The extraordinary true story of the 'Red Queen'. Born in the midst of
the Wars of the Roses, Margaret Beaufort became the greatest heiress of
her time. She survived a turbulent life, marrying four times and
enduring imprisonment before passing her claim to the crown of England
to her son, Henry VII, the first of the Tudor monarchs. Margaret's royal
blood placed her on the fringes of the Lancastrian royal dynasty. After
divorcing her first husband at the age of ten, she married the king's
half-brother, Edmund Tudor, becoming a widow and bearing her only child,
the future Henry VII, before her fourteenth birthday. Margaret was
always passionately devoted to the interests of her son who claimed the
throne through her.

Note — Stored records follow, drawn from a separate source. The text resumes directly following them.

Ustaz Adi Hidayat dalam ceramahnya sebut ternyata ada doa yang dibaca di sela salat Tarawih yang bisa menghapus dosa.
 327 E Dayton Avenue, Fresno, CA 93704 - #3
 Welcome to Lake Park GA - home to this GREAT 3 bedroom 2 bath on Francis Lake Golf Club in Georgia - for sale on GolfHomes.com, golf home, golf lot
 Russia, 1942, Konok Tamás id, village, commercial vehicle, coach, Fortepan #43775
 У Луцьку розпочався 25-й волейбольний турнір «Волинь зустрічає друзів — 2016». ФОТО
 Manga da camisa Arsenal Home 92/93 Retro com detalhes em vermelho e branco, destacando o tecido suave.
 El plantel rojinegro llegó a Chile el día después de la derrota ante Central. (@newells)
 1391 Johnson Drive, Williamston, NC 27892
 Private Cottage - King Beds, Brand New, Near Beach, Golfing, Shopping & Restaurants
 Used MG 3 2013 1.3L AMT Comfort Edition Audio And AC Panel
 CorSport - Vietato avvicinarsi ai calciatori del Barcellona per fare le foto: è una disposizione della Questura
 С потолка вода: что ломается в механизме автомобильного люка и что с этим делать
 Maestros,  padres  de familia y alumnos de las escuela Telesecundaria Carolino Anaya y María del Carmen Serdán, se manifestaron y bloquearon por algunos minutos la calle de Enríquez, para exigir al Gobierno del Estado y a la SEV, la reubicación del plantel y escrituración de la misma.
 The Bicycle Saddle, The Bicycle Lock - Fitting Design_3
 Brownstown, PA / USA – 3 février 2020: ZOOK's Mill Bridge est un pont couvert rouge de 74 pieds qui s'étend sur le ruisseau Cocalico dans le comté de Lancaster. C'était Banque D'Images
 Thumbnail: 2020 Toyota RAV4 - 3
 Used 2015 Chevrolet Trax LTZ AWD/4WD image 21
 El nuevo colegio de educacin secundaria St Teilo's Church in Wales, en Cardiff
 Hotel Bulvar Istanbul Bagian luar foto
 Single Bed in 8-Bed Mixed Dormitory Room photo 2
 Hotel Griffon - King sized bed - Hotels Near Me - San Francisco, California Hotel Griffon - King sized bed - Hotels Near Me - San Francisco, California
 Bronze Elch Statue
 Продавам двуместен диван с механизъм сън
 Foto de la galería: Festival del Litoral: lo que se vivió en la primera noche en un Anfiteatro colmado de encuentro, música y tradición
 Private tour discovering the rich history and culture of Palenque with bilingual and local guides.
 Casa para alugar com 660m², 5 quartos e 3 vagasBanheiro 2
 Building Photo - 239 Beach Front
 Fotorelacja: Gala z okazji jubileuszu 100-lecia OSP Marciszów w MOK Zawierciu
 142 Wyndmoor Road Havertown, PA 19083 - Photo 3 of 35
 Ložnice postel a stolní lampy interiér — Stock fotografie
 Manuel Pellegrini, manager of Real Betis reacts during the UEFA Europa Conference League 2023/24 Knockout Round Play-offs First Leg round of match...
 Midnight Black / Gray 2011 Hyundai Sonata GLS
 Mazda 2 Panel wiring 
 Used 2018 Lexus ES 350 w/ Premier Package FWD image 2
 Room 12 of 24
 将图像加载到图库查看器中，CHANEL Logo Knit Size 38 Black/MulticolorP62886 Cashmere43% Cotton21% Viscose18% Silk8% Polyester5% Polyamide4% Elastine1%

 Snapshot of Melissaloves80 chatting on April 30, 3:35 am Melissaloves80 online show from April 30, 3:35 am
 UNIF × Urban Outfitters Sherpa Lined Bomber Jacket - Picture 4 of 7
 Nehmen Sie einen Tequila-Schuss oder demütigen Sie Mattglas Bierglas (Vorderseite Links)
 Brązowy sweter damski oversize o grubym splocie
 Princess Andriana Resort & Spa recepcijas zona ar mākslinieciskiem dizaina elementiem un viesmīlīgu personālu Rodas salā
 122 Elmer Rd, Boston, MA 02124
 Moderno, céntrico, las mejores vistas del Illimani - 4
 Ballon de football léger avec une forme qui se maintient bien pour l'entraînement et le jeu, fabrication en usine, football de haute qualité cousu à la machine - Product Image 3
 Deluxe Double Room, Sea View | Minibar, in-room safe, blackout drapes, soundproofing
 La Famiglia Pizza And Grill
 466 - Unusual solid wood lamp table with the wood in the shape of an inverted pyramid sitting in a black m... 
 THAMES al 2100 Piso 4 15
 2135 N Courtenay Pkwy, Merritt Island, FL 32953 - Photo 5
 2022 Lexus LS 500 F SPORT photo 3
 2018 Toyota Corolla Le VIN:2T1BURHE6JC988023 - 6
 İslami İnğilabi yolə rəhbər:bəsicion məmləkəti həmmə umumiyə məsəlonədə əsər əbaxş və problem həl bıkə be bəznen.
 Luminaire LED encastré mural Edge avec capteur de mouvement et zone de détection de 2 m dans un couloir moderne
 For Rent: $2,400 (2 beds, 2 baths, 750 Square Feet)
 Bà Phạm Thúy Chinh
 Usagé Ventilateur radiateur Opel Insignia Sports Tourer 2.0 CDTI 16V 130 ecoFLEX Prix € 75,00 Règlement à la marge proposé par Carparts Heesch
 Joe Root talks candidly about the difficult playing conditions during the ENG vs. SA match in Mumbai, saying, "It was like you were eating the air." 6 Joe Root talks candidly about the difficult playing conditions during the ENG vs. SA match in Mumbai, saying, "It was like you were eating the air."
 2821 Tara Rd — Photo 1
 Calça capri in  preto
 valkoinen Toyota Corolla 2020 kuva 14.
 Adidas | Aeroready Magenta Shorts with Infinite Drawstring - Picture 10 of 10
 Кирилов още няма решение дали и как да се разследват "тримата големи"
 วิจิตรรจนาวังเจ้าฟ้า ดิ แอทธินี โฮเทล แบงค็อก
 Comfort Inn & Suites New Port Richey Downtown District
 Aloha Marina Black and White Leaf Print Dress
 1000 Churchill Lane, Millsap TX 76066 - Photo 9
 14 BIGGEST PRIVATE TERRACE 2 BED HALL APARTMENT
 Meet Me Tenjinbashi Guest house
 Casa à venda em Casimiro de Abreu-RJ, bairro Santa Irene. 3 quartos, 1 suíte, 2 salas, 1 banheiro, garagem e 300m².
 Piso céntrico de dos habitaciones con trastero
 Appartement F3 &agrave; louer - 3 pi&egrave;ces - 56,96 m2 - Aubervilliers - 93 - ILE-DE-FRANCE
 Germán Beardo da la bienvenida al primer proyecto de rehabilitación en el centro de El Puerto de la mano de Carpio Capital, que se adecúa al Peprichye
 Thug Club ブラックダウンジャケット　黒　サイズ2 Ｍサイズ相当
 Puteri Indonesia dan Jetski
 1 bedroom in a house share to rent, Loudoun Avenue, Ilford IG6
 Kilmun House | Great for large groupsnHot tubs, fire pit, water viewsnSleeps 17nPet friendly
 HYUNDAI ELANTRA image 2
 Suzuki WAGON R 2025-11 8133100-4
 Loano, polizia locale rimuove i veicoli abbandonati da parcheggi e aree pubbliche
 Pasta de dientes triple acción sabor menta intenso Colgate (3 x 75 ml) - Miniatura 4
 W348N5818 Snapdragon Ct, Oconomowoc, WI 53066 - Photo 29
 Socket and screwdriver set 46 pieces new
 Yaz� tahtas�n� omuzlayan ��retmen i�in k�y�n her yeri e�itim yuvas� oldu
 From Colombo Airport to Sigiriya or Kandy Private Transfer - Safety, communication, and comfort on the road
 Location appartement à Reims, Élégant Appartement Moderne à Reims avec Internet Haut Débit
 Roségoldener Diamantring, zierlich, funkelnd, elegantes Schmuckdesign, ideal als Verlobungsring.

She embroiled herself in both treason and conspiracy
as she sought to promote his claims, allying herself with the Yorkist
Queen, Elizabeth Woodville, in an attempt to depose Richard III. She was
imprisoned by Richard and her lands confiscated, but she continued to
work on her son's behalf, ultimately persuading her fourth husband, the
powerful Lord Stanley, to abandon the king in favour of Henry on the eve
of the decisive Battle of Bosworth. It was Lord Stanley himself who
placed the crown on Henry's head on the battlefield. Henry VII gave his
mother unparalleled prominence during his reign. She established herself
as an independent woman and ended her life as regent of England, ruling
on behalf of her seventeen-year-old grandson, Henry VIII.